Major online retailers are divided over a new piece of legislation that seeks to clarify the murky issue of charging sales tax for purchases made on the web.
Currently, several states only require customers to pay a sales tax on purchases made online if the online retailer has a physical retail store address within the state. But retailers that operate entirely online, like Amazon, only have shipping/service centers and not actual stores, which has allowed the company to evade charging its customers a local sales tax in some cases. This gives online retailers an advantage over direct competitors that operate both on the web and through physical stores — meaning customers get a better deal when shopping online. It also means state governments miss out on billions of dollars in tax revenue.
The bill, called The Marketplace Fairness Act, was introduced Wednesday by U.S. Senators Lamar Alexander (R-Tenn.), Dick Durbin (D-Ill.) and Michael Enzi (R-Wyo.). If passed, the new law would give state governments two ways to collect sales taxes from online purchases. The first way requires U.S. states to sign a multi-state legal agreement that would bring each of their sales tax codes into conformity. The states can then compel online retailers to charge or remit a sales tax. States that don’t sign the legal agreement can still force online retailers to collect sales tax on purchased goods if they adopt some minimum standards to simplify their collection process.

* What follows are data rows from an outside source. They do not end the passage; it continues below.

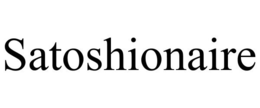 SATOSHIONAIRE trademark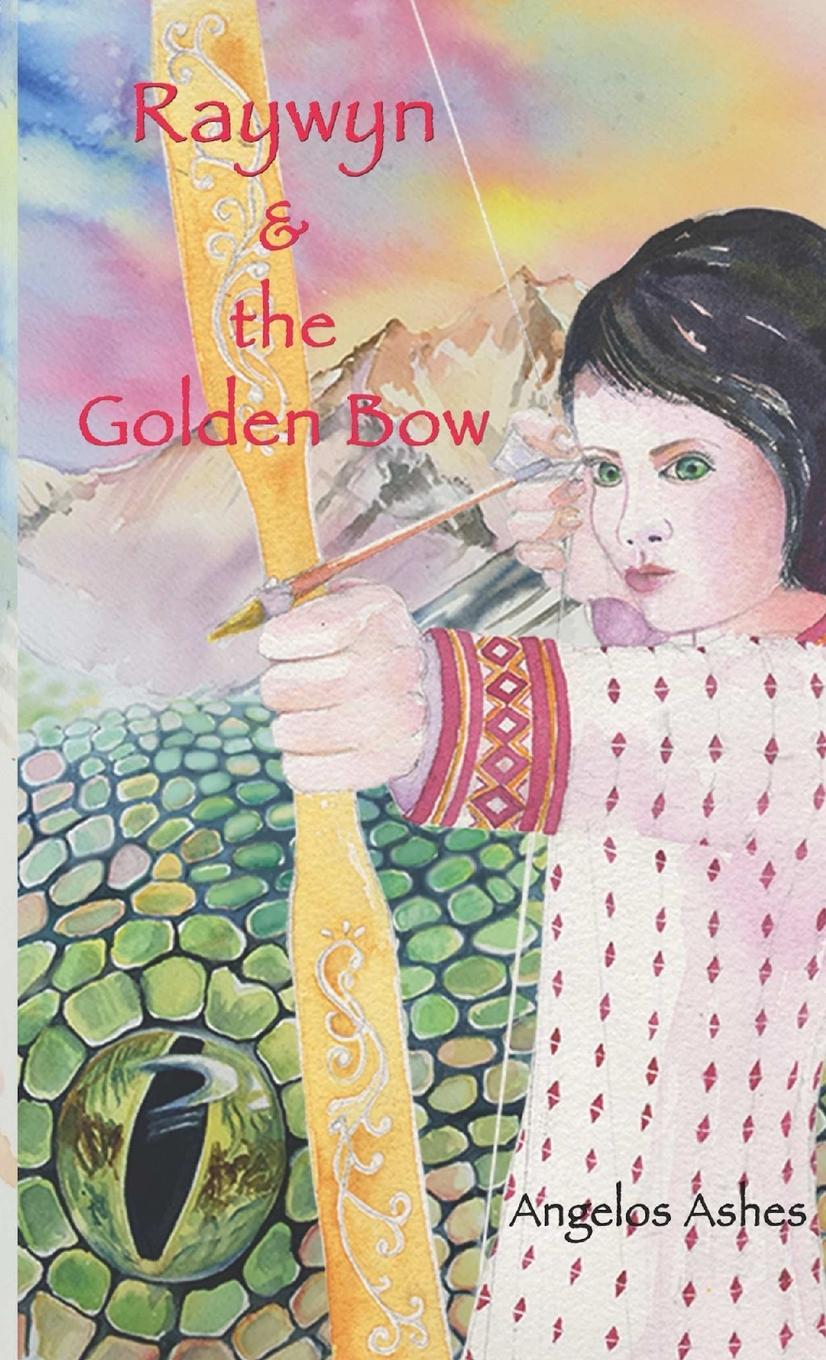 Vorderes Coverbild Raywyn & the Golden Bow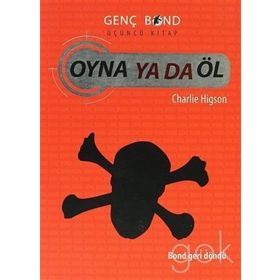 OYNA YA DA ÖL GENÇ BOND 3 - CHARLIE HIGSON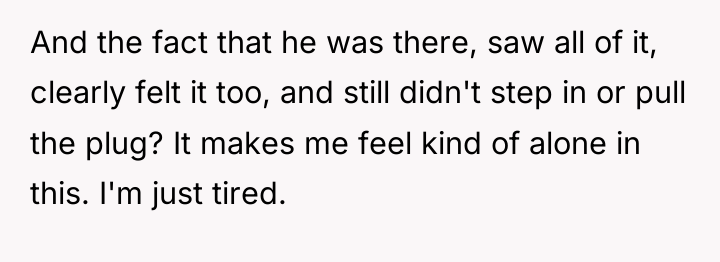 And the fact that he was there, saw all of...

All sellers with annual sales less than $500,000 are exempt from collecting individual state sales taxes under the proposed bill.
Amazon has come out in support of the Marketplace Fairness Act, which is likely because the company has already successfully negotiated deals with some states that allows them to continue not charging sales tax (despite operating a shipping or service center within the state).
“Amazon strongly supports enactment of the Enzi-Durbin-Alexander bill and will work with Congress, retailers, and the states to get this bi-partisan legislation passed,” said Amazon VP of Global Public Policy Paul Misener in a statement. “It’s a win-win resolution—and as analysts have noted, Amazon offers customers the best prices with or without sales tax.”
However, other online retailers — eBay in particular — have come out against the new legislation. EBay has nothing to gain from the bill since the majority of its money comes from fees it charges smaller sellers for using its online auction site. Depending on the state, the individual sellers are usually responsible for collecting sales tax from their customers. It also doesn’t have the agreements with states to waive sale taxes like Amazon does.
“This is another Internet sales tax bill that fails to protect small business retailers using the Internet and will unbalance the playing field between giant retailers and small business competitors,” said eBay VP of Government Relations Tod Cohen in a statement. “It does not make sense to expand Internet sales tax burdens on small businesses at a time when we want entrepreneurs to create jobs and economic activity.”
Regardless of the new legislation’s advantages and/or disadvantages, the U.S. federal government is badly in need of an updated method of collecting sales tax in the new age of e-commerce.